Your copy should match the listing word for word, apart from the pictures, which are left out.

======== Data listing ========

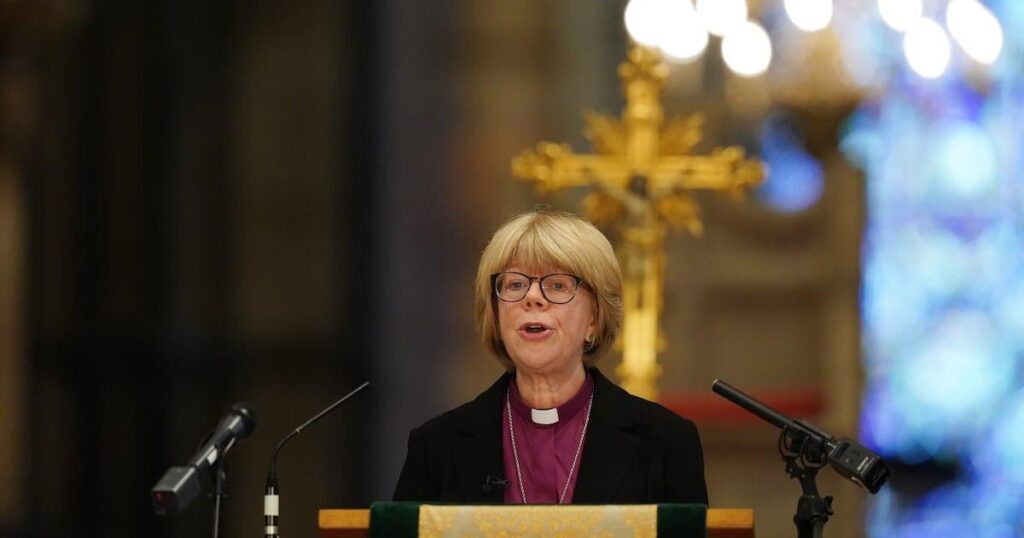 Anglican schism as traditionalists reject first female Archbishop of Canterbury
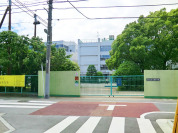 大田区立六郷中学校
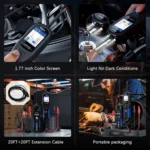 VDIAGTOOL Automobile Circuit Fault Detector Repair Tool - Image 7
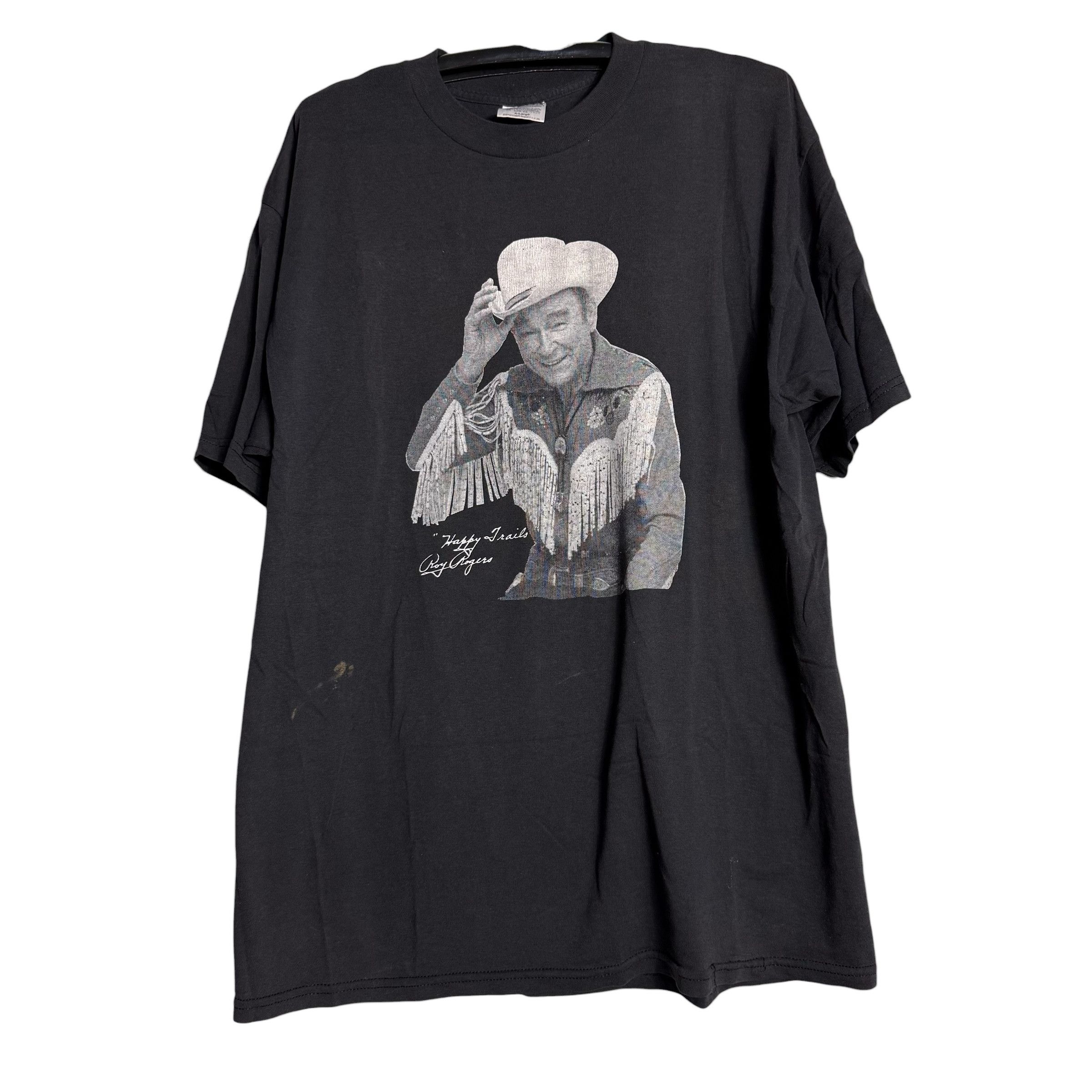 Band Tees × Marilyn Manson × Vintage VTG Marilyn Manson Hello My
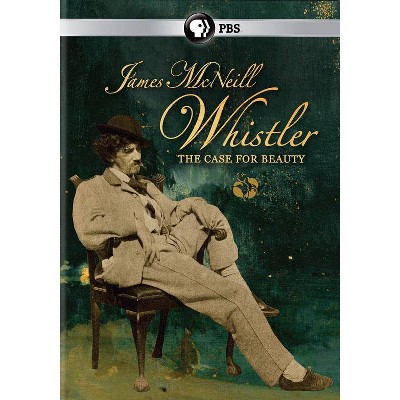 James McNeill Whistler: The Case for Beauty (DVD)(2014)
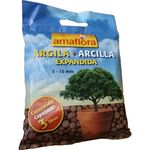 Argila Expandida 8-16mm 3l - Amaflora AMAFLORA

========

▶ [Response to this task]
 Anglican schism as traditionalists reject first female Archbishop of Canterbury
 大田区立六郷中学校
 VDIAGTOOL Automobile Circuit Fault Detector Repair Tool - Image 7
 Band Tees × Marilyn Manson × Vintage VTG Marilyn Manson Hello My
 James McNeill Whistler: The Case for Beauty (DVD)(2014)
 Argila Expandida 8-16mm 3l - Amaflora AMAFLORA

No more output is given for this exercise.